Creation: Proletarian Liberation Struggle Association Historical Materialism Group

          On November 8th, to commemorate the “Outstanding Alumni” Huang Baomei, who graduated from Donghua University in 1960, a play of the same name—“Huang Baomei”—was performed at Donghua University. In the play, playwright Zhang Ying depicts Huang Baomei as a person who starts from the bottom, becomes a model through her “hard work” and technical research, and after the “Spring Wind of Reform” blows in, leads the entire textile industry toward success, aiming to promote the so-called “Labor Model Spirit” through such an inspirational figure. But what does Huang Baomei’s so-called success actually mean? What is the essence of the so-called Labor Model Spirit?
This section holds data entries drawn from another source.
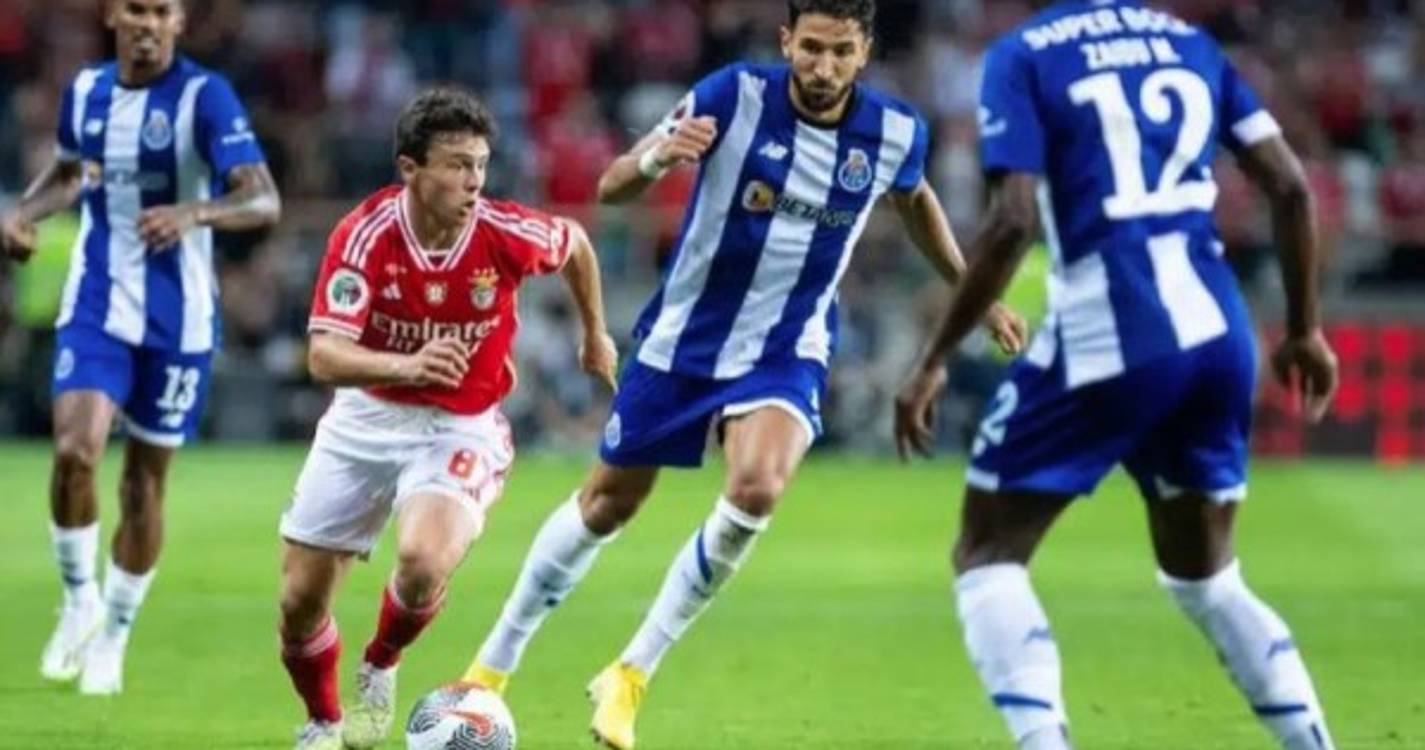 Schmidt 'senta' João Mário e mantém Neres no Benfica, Conceição aposta em Baró no FC Porto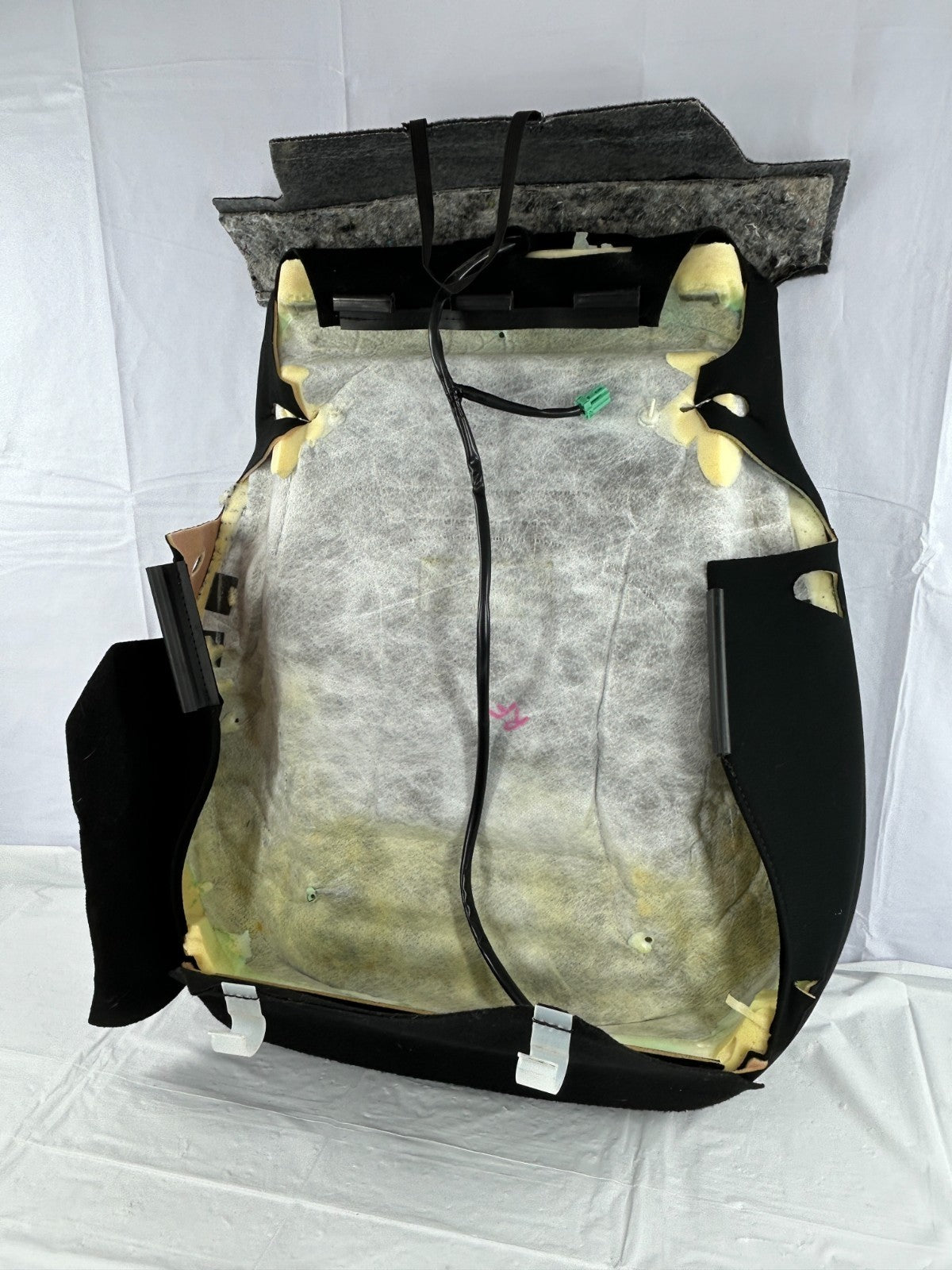 2015 Subaru Outback Front Right Passenger Seat Lower Cushion OEM 64140AL02AVH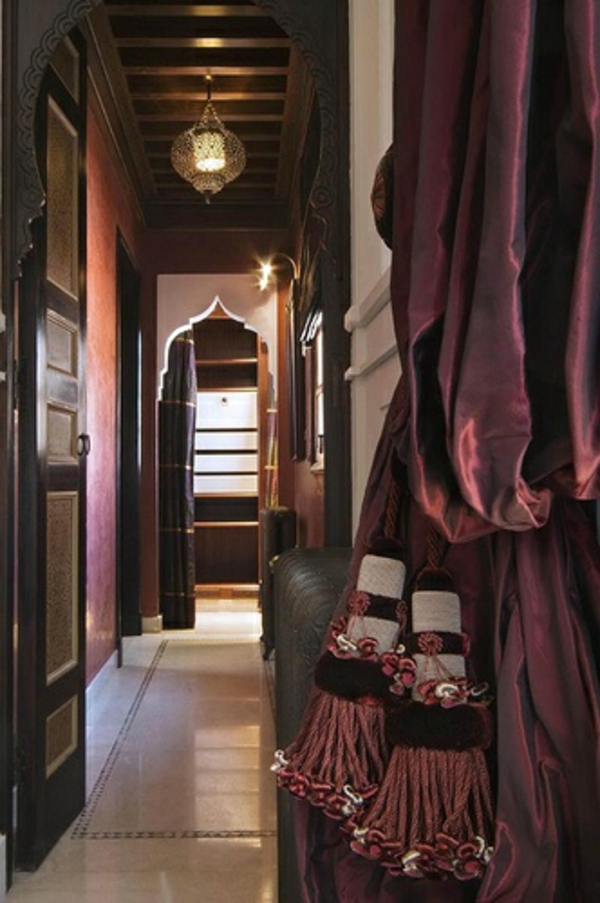 Oriental-rideau sombre couleur exotique couloir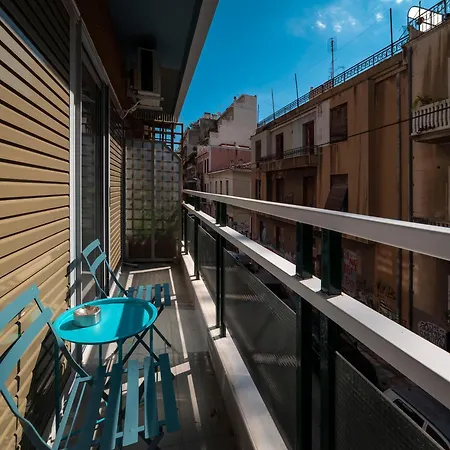 Elegant Two-bedroom In Exarcheia, Peridot - Homes Athens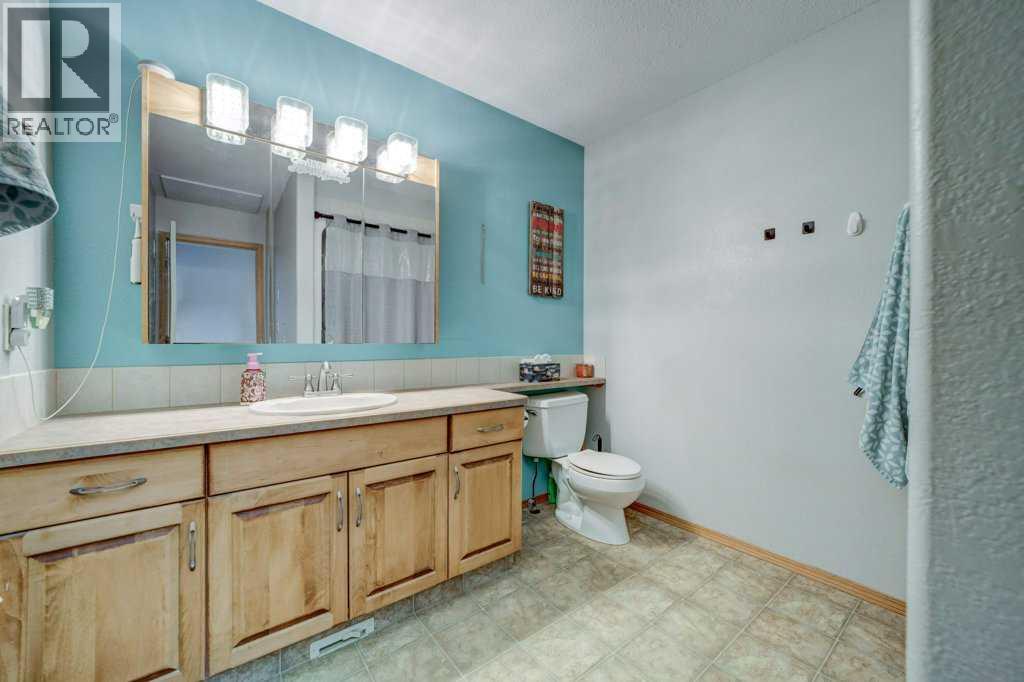 138 Lynx Cove N, Lethbridge, Alberta  T1H 6V5 - Photo 24 - A2306054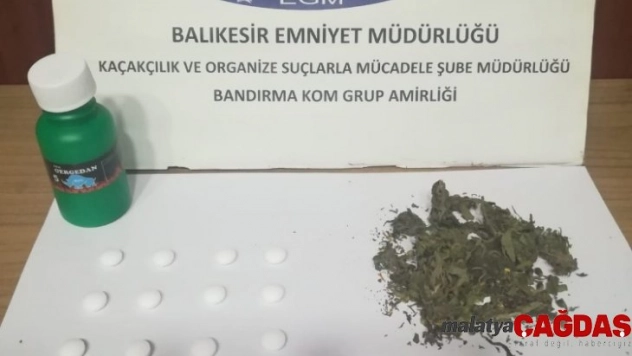 Balıkesir'de 8 uyuşturucu satıcısı yakalandı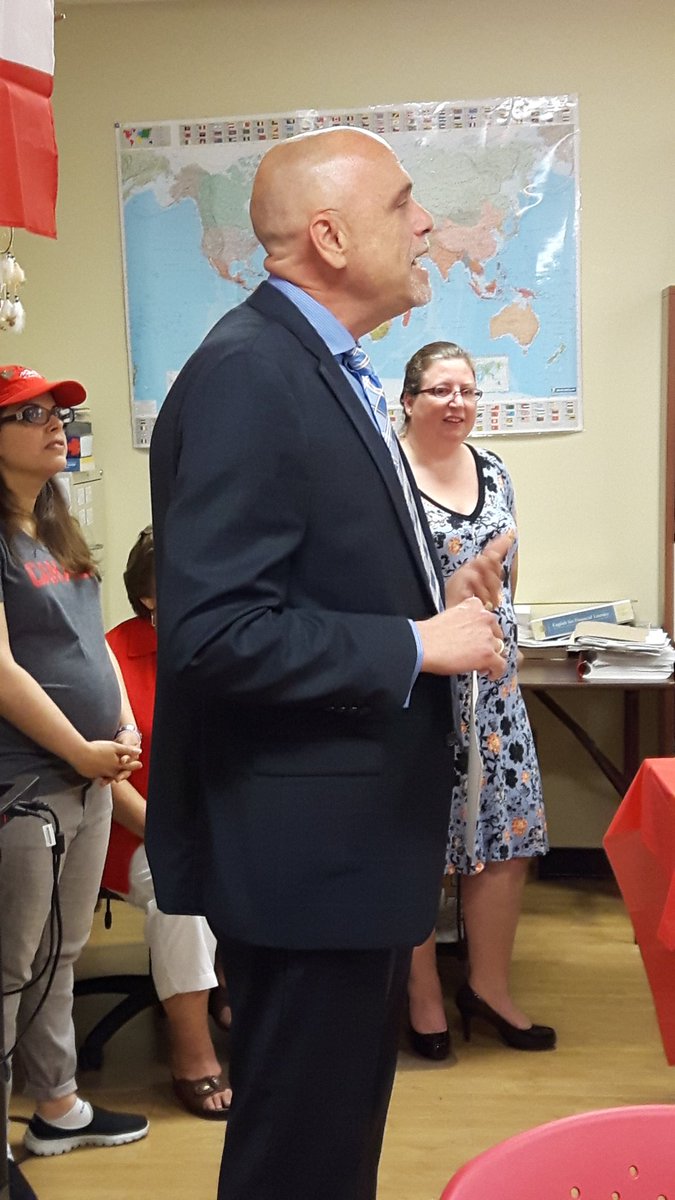 hudsonlorraine's tweet photo. Happy day @YGKLiteracy as students and staff celebrate LINC graduation #ygk #cdnimm #cdnesl https://t.co/HQpBVDviae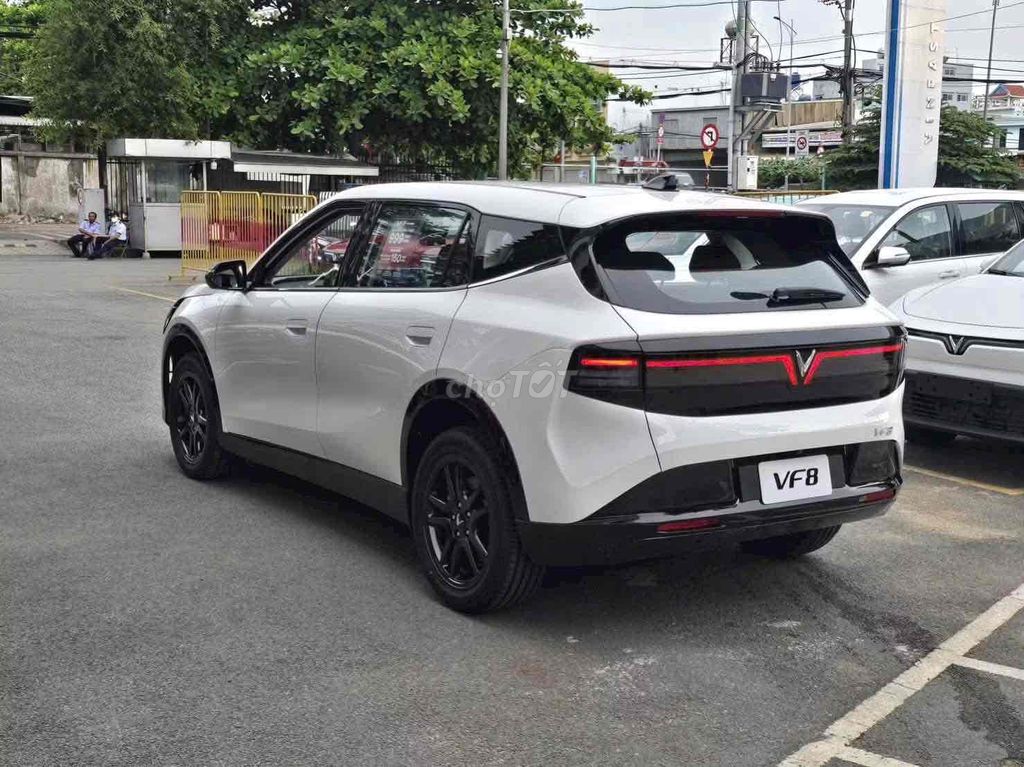 VinFast VF8 - ảnh 3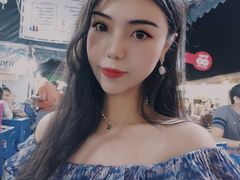 -席娜卡琳火车铁道夜市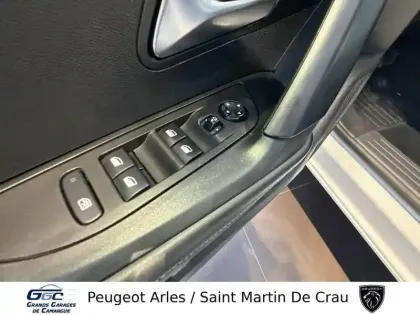 Photo 14 Peugeot 2008  BlueHDi 130 S&S EAT8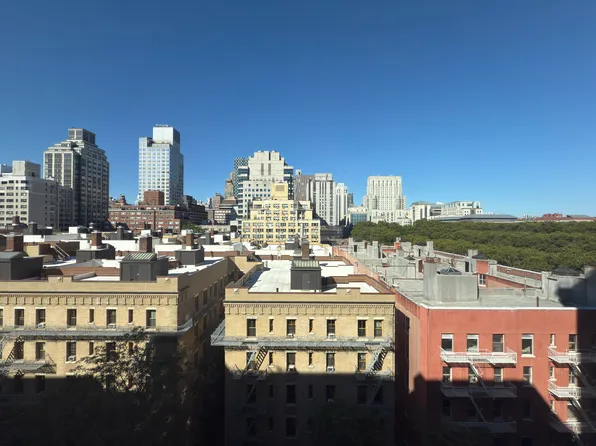 420 East 64th Street image 2 of 12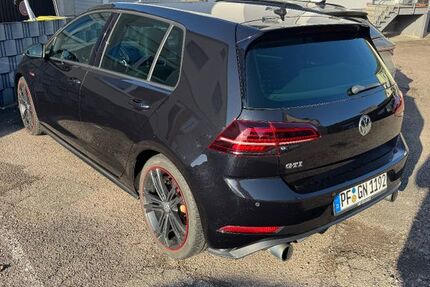 VW Golf 128.000 km 19.000 &euro; Ötisheim 75443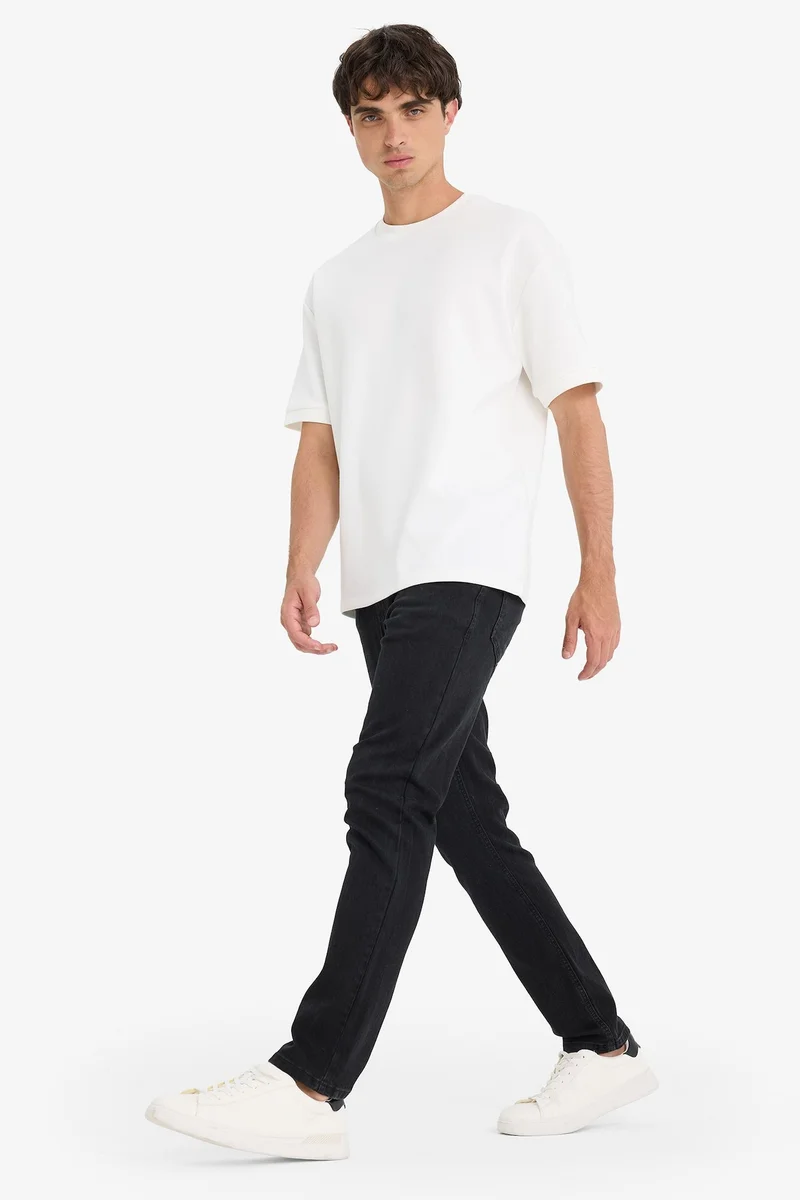 Defacto  Pedro Slim Fit Regular Waist Skinny Leg Jeans for Men | Best Price UAE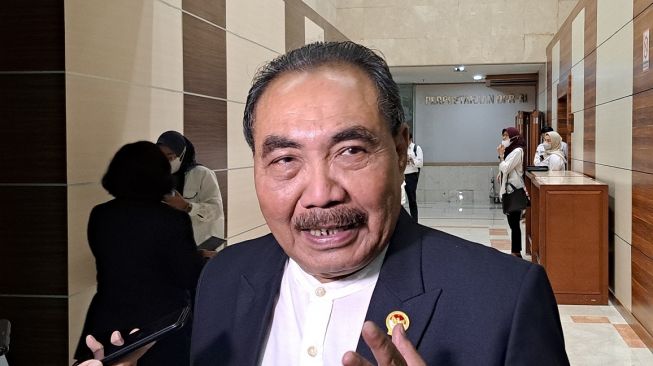 Ketua LPSK Hasto Atmojo Suroyo di DPR RI, Senayan, Jakarta, Senin (16/1/2023). [Suara.com/Novian]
          “Regarding what constitutes an outstanding person, the views of different classes are fundamentally different.”[1] To the bourgeoisie, Huang Baomei is a “courageous fighter” who deserves praise; but to the proletariat, Huang Baomei is a dog worker serving the capitalists, a degenerate traitor who has transformed into a capitalist, and should be despised. Let us see what kind of person Huang Baomei really is!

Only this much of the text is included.